If you are lucky you might only have to wait for 5 minutes for your walk-in appointment, but some days it can be closer to two hours. This is how it works on a regular week day, on weekend you would have to go to your closest hospital’s emergency care unit.
These appointments at the health centre and the hospital have always been completely free*. However, prescription medicines are not free. They are subsidised by Kela but you still pay some out of pocket. What also costs money is giving birth which I will go into in the next segment of the article.
Giving Birth in Finland – the cost
I have given birth in Finland and in the UK. Both times I received high quality care but at what cost?
In Finland, giving birth in a public hospital is not completely free. This came as a surprise to me since I had never had to pay for any public health services in Finland before this. The cost varies depending on how long you have to stay in the hospital. I stayed only one night and the total cost came to €130.50. On top of the care this included meals, diapers, formula milk and hospital clothes for me and the baby.
In the UK I stayed at the hospital for five days and the total cost of labour was €0. You read that right. In the UK giving birth at a public hospital is completely free. This also included meals. However, you were supposed to provide the diapers, formula milk, clothes for baby and yourself.
If I had stayed five day in the public hospital in Helsinki it would have cost €244.5. The daily fee for the hospital stay is €48.90 in Finland. The fee is double if your spouse stays with you but he/she will also get meals and a bed included in that fee. The maximum you would ever have to pay is €683 even if you have to stay in the hospital for a longer time due to serious complications. My fee came down to €130.51 because I also had to bring the baby for an additional check-up due to my early release. The check-up cost was €32.70.
The bottom-line on giving birth (in Finland)

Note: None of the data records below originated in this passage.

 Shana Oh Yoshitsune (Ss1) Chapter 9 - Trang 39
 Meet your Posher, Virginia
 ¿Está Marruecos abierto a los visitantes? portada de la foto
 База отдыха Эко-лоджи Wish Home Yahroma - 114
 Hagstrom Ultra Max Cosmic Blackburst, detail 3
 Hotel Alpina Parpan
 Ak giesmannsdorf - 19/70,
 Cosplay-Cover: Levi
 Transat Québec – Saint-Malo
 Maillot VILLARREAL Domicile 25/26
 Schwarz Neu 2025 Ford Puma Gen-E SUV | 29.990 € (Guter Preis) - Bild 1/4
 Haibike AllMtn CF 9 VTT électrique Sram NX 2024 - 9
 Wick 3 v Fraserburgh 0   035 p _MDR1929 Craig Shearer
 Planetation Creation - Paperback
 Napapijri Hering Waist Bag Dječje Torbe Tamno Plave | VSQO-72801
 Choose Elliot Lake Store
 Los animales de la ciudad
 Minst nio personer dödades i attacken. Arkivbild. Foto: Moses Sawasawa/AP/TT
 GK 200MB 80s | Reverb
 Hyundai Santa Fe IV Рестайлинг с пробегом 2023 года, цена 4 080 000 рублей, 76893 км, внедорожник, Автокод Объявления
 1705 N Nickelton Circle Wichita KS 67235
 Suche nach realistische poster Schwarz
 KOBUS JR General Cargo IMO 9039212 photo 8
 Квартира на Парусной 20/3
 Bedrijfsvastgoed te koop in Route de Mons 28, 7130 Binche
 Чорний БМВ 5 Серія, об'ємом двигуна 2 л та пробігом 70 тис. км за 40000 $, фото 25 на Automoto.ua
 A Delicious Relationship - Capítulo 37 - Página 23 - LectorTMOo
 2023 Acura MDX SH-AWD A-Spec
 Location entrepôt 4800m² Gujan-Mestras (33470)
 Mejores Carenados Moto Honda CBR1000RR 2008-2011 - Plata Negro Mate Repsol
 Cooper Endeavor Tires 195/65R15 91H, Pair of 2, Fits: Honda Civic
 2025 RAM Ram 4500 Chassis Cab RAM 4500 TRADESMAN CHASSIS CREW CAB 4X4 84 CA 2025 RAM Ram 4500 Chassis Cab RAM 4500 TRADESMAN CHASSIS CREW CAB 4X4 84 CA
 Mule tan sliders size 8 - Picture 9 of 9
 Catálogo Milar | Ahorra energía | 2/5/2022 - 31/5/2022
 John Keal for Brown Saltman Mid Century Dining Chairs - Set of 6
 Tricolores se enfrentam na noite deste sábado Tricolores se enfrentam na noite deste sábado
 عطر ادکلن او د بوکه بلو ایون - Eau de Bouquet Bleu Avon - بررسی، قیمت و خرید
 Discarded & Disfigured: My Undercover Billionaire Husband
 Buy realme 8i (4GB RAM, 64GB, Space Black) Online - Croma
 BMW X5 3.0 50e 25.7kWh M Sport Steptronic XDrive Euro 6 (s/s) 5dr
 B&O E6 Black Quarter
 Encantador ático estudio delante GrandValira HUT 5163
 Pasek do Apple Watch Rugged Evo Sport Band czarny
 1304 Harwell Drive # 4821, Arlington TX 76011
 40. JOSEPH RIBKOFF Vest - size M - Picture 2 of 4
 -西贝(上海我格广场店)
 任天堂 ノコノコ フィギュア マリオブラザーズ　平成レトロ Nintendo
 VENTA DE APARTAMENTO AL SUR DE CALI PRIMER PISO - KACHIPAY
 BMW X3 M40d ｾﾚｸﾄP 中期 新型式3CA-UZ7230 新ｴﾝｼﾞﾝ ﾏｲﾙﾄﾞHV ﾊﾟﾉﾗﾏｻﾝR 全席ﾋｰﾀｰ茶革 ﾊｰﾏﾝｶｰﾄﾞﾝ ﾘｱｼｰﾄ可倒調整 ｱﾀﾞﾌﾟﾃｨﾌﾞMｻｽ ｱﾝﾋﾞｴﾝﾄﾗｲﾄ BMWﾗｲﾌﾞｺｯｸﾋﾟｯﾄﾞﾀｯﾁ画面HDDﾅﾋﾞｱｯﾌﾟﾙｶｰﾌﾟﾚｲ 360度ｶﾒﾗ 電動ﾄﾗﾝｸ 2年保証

The bottom-line is that giving birth in Finland and UK is not going to make much of a dent in your wallet. Another story is all those American parents. On average giving birth is US costs about €8,900. Parents who are blessed enough to have insurance are usually left with a bill of about €2,700 for vaginal birth. This doesn’t include pre- or post-natal care.
How about safety then? UNICEF’s report on infant mortality rates published in 2018 ranked Finland as the fourth safest place to give birth globally. According to the report Finland’s newborn mortality rate is 1.2, the UK’s stands at 2.5 and in the US the rate is 3.7.
*Free means that these services are paid with tax income and no private insurance is needed to receive care.